In previous posts Search using query param and request body and Query term and Source filtering  received fair understanding of how to query and filter documents fields to retrieve relevant fields of interest. In this post we will go thorough advanced searching techniques using match, match_phrase and match_phrase_prefix construct provided by Elasticsearch.

Match keyword

"match" keyword is used with query and it hints search request to look for given value of the fields. It is not exact term match (as discussed in Query term and Source filtering). match keyword is used along with OR/AND logical operators.

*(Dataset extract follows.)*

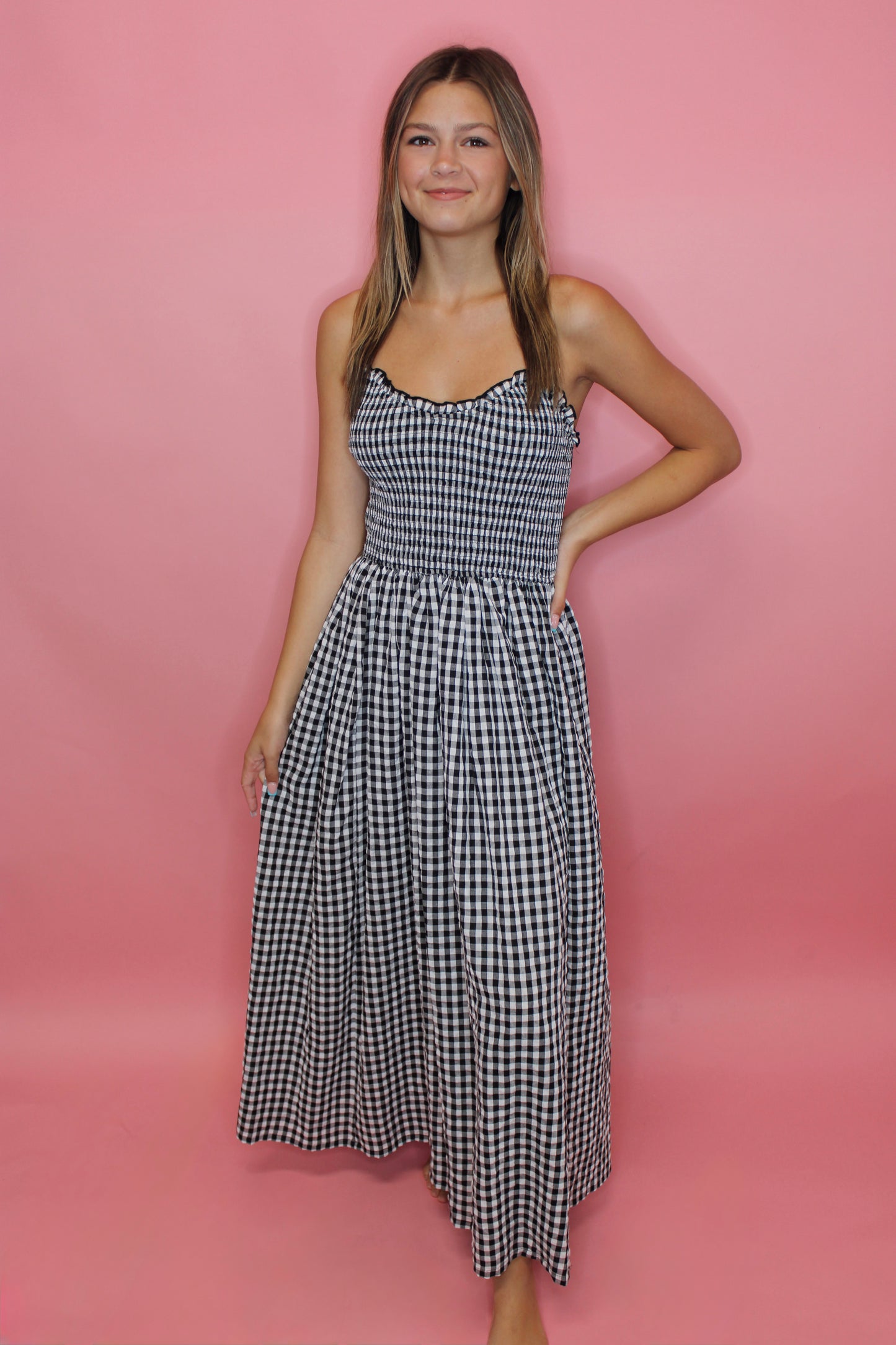 Love Song Gingham Maxi Dress - Black/White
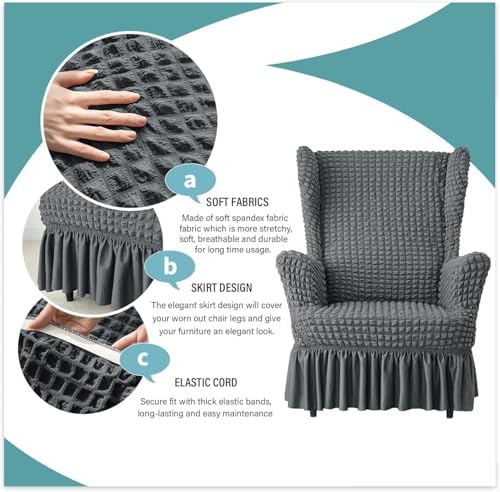 Stretch Seersucker Wingback Chair Slipcover Set with Ottoman and Skirt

Display/retrieve all documents with name (first or last) contains <X> : Below search query finds all documents with name = "gibson".
➜  Desktop curl -XGET 'localhost:9200/customers/_search?pretty' -d'
{
    "query": {
        "match" : {
            "name" : "gibson"
        }
    }
}
' -H 'Content-Type: application/json'
{
  "took" : 21,
  "timed_out" : false,
  "_shards" : {
    "total" : 5,
    "successful" : 5,
    "skipped" : 0,
    "failed" : 0
  },
  "hits" : {
    "total" : 2,
    "max_score" : 4.9511213,
    "hits" : [
      {
        "_index" : "customers",
        "_type" : "vendors",
        "_id" : "xn_g6mABB3_D7Pc85hFv",
        "_score" : 4.9511213,
        "_source" : {
          "name" : "Sue Gibson",
          "age" : 60,
          "gender" : "female",
          "email" : "suegibson@comvex.com",
          "phone" : "+1 (919) 450-2888",
          "street" : "166 Newel Street",
          "city" : "Jacksonwald",
          "state" : "Northern Mariana Islands, 9865"
        }
      },
      {
        "_index" : "customers",
        "_type" : "vendors",
        "_id" : "2X_g6mABB3_D7Pc85hNx",
        "_score" : 4.804021,
        "_source" : {
          "name" : "Gibson Velasquez",
          "age" : 57,
          "gender" : "male",
          "email" : "gibsonvelasquez@comvex.com",
          "phone" : "+1 (906) 436-3683",
          "street" : "362 Beverly Road",
          "city" : "Dalton",
          "state" : "Texas, 8682"
        }
      }
    ]
  }
}
Note:- match keyword suggest request query to retrieve all docs with name as "gibson". Elasticsearch brings two documents-  first record with high score has second name as "gibson" and second document has first name "gibson". Generally, Elasticsearch gives more preference to First name(more score) however here due to small size of name its score is more( Sue gibson is more relevant than Gibson valasquez)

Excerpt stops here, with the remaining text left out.